A veces sufrimos el acoso de los no creyentes por no habernos informado previamente acerca de las leyes imperantes en el país. Esto no es ser justos como lo fue el Señor, sino todo lo contrario, actuar con negligencia y torpeza. De la misma manera se puede padecer persecución por diferentes motivos que nada tienen que ver con la justicia que Dios nos demanda. Es posible sufrir por actitudes nuestras equivocadas, reprensibles o necias. En ocasiones se pretende dar testimonio mediante un exceso de celo, agresividad o incumpliendo leyes vigentes. Pensamos que nuestra actitud es justa pero, en realidad, estamos ofendiendo al prójimo con nuestro temperamento, nuestros prejuicios o incluso nuestro fanatismo. Desde luego que la promesa de esta bienaventuranza no se aplica a tales comportamientos erróneos.

La creencia de que somos los únicos poseedores de la verdad o que nuestras formas cúlticas, costumbres y métodos son los mejores que existen y que, por lo tanto, todo el mundo debiera aceptarlos y someterse a ellos sin protestar, puede también conducir a la persecución, incluso dentro del mismo ambiente religioso de las propias iglesias. No obstante, el fanatismo religioso y partidista nunca se recomienda en las páginas del Nuevo Testamento, sino que más bien se enseña todo lo opuesto.

En cierta ocasión, cuando Jesús caminaba con sus discípulos por una aldea de Samaria rumbo a Jerusalén, envió a algunos de ellos a los samaritanos para solicitar provisiones para el viaje. Sin embargo, estos aldeanos no les recibieron bien, precisamente porque vieron que se dirigían hacia Judea y, como es sabido, judíos y samaritanos no se trataban entre sí. Al ver esta actitud de rechazo, los discípulos Jacobo y Juan le dijeron al Maestro: Señor, ¿quieres que mandemos que descienda fuego del cielo y los consuma? Pero Jesús se dio la vuelta y los reprendió. Algunos manuscritos antiguos incluyen que añadió: Vosotros no sabéis de qué espíritu sois (Lc 9:51-56). No todo desaire o incomprensión hacia los seguidores de Cristo debe interpretarse como persecución por causa de la justicia.

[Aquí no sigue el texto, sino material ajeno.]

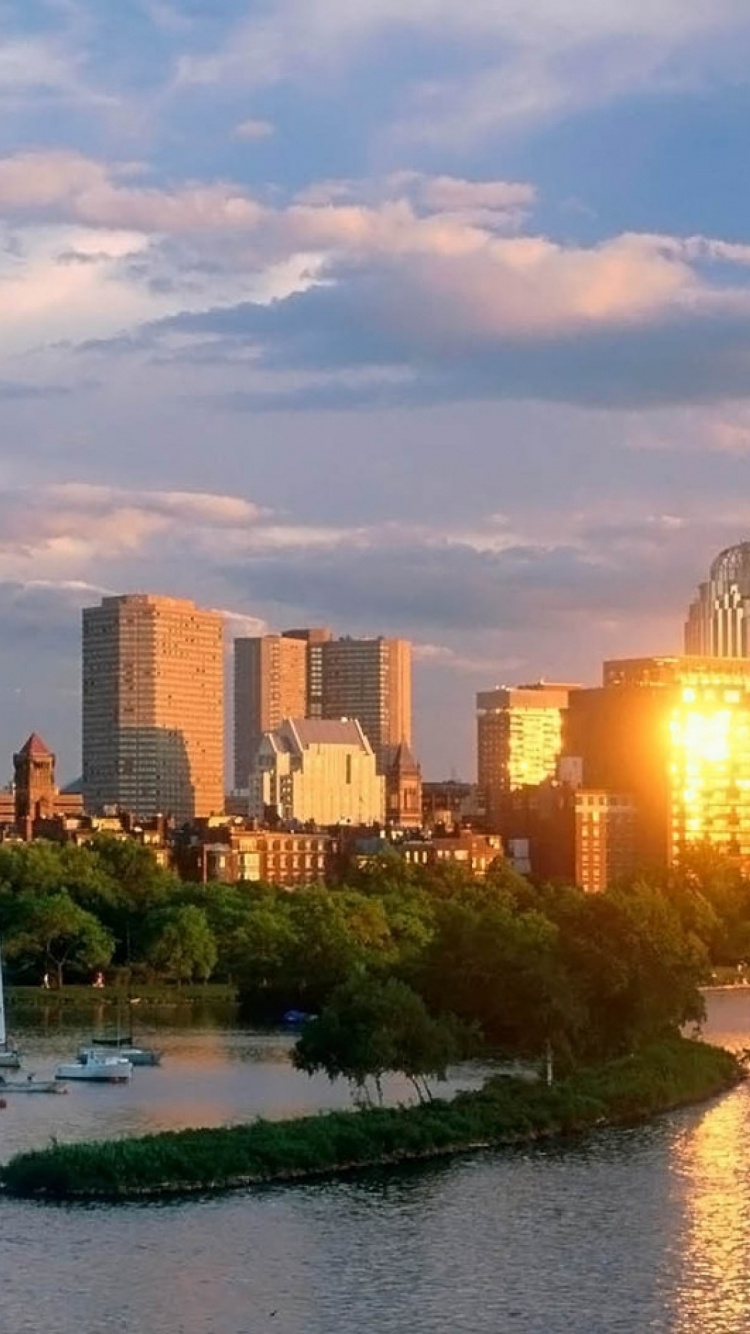 Weißes Segelboot Auf Dem Fluss in Der Nähe Von Stadtgebäuden Tagsüber. Wallpaper in 750x1334 Resolution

Incluso un asunto tan frecuente como la expresión cúltica de los propios sentimientos puede llegar a causar problemas. En ocasiones algunos creyentes se sienten perseguidos dentro de sus propias iglesias locales. Hay hermanos que, quizás con la mejor intención del mundo, consideran que durante la predicación de la Palabra deben exclamar: ¡amén!, en voz alta, después de alguna frase del predicador que les haya gustado o impactado. Desean manifestar de esa manera su aprobación a lo que se está diciendo. Y esto, que en principio es bueno, con el tiempo puede convertirse en una práctica rutinaria y molesta, sobre todo si se repite muy frecuentemente llegando a perjudicar al resto de los hermanos e incluso al propio orador que puede perder el hilo de su mensaje.

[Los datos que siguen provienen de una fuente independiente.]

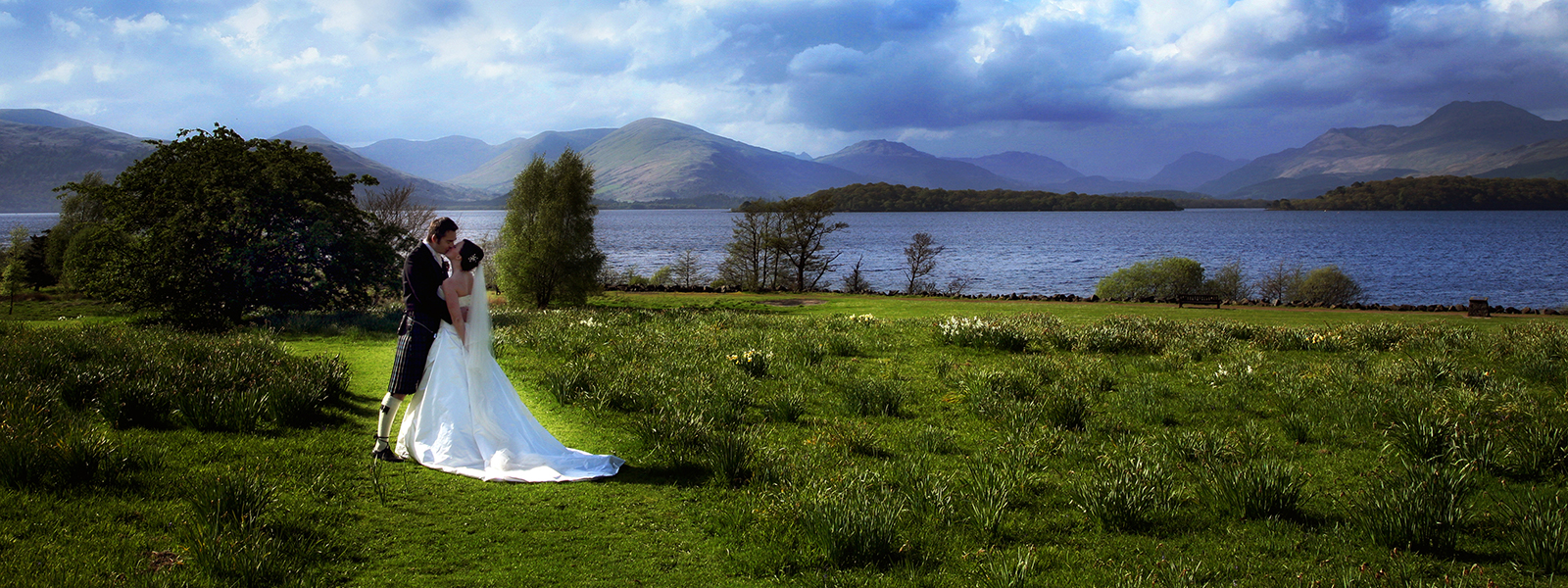 A couple celebrating their marriage in the Ross Priory gardens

En determinadas congregaciones se llega a pensar que semejantes exclamaciones constituyen una señal de espiritualidad por parte del auditorio y ocurre que cuando los predicadores acostumbrados a tal respuesta hablan en otras iglesias que no poseen tales costumbres, piensan que nadie les entiende o que no están de acuerdo con lo que se les está predicando. He conocido hermanos, en América, que no sólo gritan ¡amén! sino que su exclamación la acompañan con el sonido estridente y tembloroso de maracas y cascabeles. Es fácil comprender que todos los excesos son problemáticos y que tales comportamientos exagerados puedan crear problemas en el seno de las congregaciones. Pero sería un grave error creer que la exhortación de ciertos ancianos o diáconos ante tal actitud debe interpretarse como una persecución por causa de la justicia. Nada más lejos de la realidad.

Hemos de tener cuidado en no provocarnos a nosotros mismos sufrimientos innecesarios que no son el resultado de vivir justamente, sino de actitudes o costumbres personales que no se recomiendan expresamente en la Palabra de Dios. El Señor no dijo: "¡Bienaventurados los que son perseguidos por sus equivocaciones, por molestar al hermano o entrometerse en lo ajeno!" Es lo mismo que señala, desde luego salvando las distancias, el apóstol Pedro: Así que, ninguno de vosotros padezca como homicida, o ladrón, o malhechor, o por entrometerse en asuntos ajenos. Pero si alguno padece como cristiano, no se avergüence; más bien, glorifique a Dios en este nombre (1 P 4:15).